Random Expert Sampling for Deep Learning Segmentation of Acute Ischemic Stroke on Non-contrast CT
Sophie Ostmeier, Brian Axelrod, Benjamin Pulli, Benjamin F. J. Verhaaren, Abdelkader Mahammedi, Yongkai Liu, Christian Federau, Greg Zaharchuk, Jeremy J. Heit
TL;DR
This study addresses automatic delineation of the ischemic core on non-contrast CT to aid acute stroke triage. It introduces random expert sampling as a training scheme for a benchmark U-Net, trained on three neuroradiologists’ annotations from the DEFUSE 3 cohort and compared to majority voting and inter-expert Agreement. Random expert sampling achieves higher agreement with experts than they have among themselves and yields ischemic core volumes that correlate with final infarct volumes and clinical outcomes, performing comparably to CT perfusion in some respects. The approach has potential to enable accurate, reliable NCCT-based triage in less specialized hospitals, potentially expanding access to endovascular therapy by reducing dependence on perfusion imaging, with methodological support provided by bootstrap and cross-validation analyses and supplementary theoretical derivations for the training loss.
Abstract
Purpose: Multi-expert deep learning training methods to automatically quantify ischemic brain tissue on Non-Contrast CT Materials and Methods: The data set consisted of 260 Non-Contrast CTs from 233 patients of acute ischemic stroke patients recruited in the DEFUSE 3 trial. A benchmark U-Net was trained on the reference annotations of three experienced neuroradiologists to segment ischemic brain tissue using majority vote and random expert sampling training schemes. We used a one-sided Wilcoxon signed-rank test on a set of segmentation metrics to compare bootstrapped point estimates of the training schemes with the inter-expert agreement and ratio of variance for consistency analysis.
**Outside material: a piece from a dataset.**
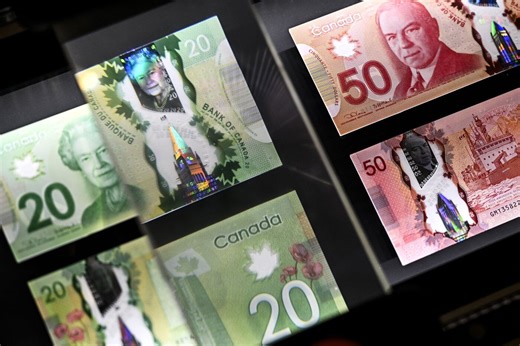Where Canada’s economy is headed in 2026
We further compare volumes with the 24h-follow-up DWI (final infarct core) in the patient subgroup with full reperfusion and we test volumes for correlation to the clinical outcome (mRS after 30 and 90 days) with the Spearman method. Results: Random expert sampling leads to a model that shows better agreement with experts than experts agree among themselves and better agreement than the agreement between experts and a majority-vote model performance (Surface Dice at Tolerance 5mm improvement of 61% to 0.70 +- 0.03 and Dice improvement of 25% to 0.50 +- 0.04). The model-based predicted volume similarly estimated the final infarct volume and correlated better to the clinical outcome than CT perfusion. Conclusion: A model trained on random expert sampling can identify the presence and location of acute ischemic brain tissue on Non-Contrast CT similar to CT perfusion and with better consistency than experts. This may further secure the selection of patients eligible for endovascular treatment in less specialized hospitals.